XXXI. The Door in the Wall
    This is another very good story, and extremely profound. A little five-year old boy is being raised by a governess because his mother has died. His successful father barely gives him attention, so it stands to reason he is lonely. One day while out wandering alone, he comes across a white wall with a green door. After arguing with himself, he opens the door and goes in. There, he finds a garden, a world of love and beauty, and new magical friends. A rather serious woman shows him a book, and as she turns the pages, he knows it is the book of his life. But they come to one page that the woman does not want to turn. The little boy did anyways, and finds himself back in West Kensington. When he tries to tell his father about his experience, he is beaten for lying.
    The memory of the experience haunted him, but he did not go back.
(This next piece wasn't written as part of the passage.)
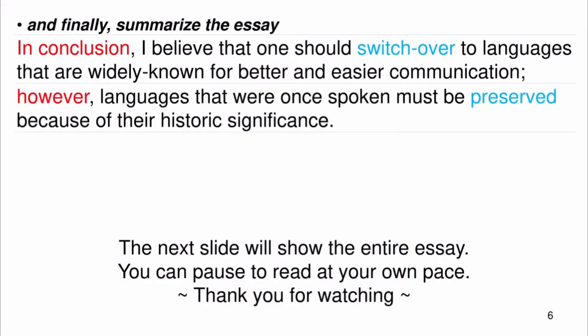And finally, summarize the essay. In conclusion, I believe that one should switch over to languages that are widely known for better and easier communication. However, languages that were once spoken must be preserved because of their historical significance.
When he got older, he saw the door while walking to school, and, because he did not want to be late, he resisted his urge to open it. But he made the error of telling another boy, not even a boy he trusted, and that boy blabbed. He told all the boys he would show it to them, but of course, then he could not find the wall or the door.
    As an adult, he was very successful—a Cabinet member, and a very important one. On several occasions, he had an opportunity to see the door again, and choose whether or not to go through. Every time, he put business ahead of what could have been paradise. As he tells the story to his friend, he deeply regrets not taking the chance on happiness and wonder, instead choosing worldly success.
    I want to add that the idea of a door, or some physical place or object being a portal to another world is certainly not unique. Think Harry Potter, His Dark Materials, The Chronicles of Narnia, and probably hundreds of other lesser known stories, such as The Green Door.
XXXII. The Country of the Blind
    This story comes in two versions. The one on the paperback book linked above is the expanded version, that ties up the conclusion. This version leaves one hanging. Since I wrote a lengthy review it in my book review linked above, I will say no more here.
XXXIII. The Beautiful Suit
    And we end this collection with yet another very profound work. A mother makes her boy a very beautiful suit, but he is not allowed to enjoy it. He can only wear it on special occasions, and then the mother wraps the special buttons in tissue paper and does everything to guard the suit from wear and tear. She tells the boy he may never again have a suit like this. But he continually dreams of his suit—longs for it, in fact. And so, one night, he sneaks into the place where the suit is kept neatly folded, puts it on, and escapes out the window. He runs through mud and thorns, dust and a pond. The deeper meaning here, of course is that we should enjoy life to its fullest because one never knows when it will end. And it also speaks of the human yearning for freedom.

    And on that, I will conclude this very long review. H. G. Wells is one of my favorite authors. One never quite knows what he will say, and his works are essential reading. This lengthy collection provides a glimpse into his wide range of styles and subject matter, and it is free from Project Gutenberg. Highly recommended.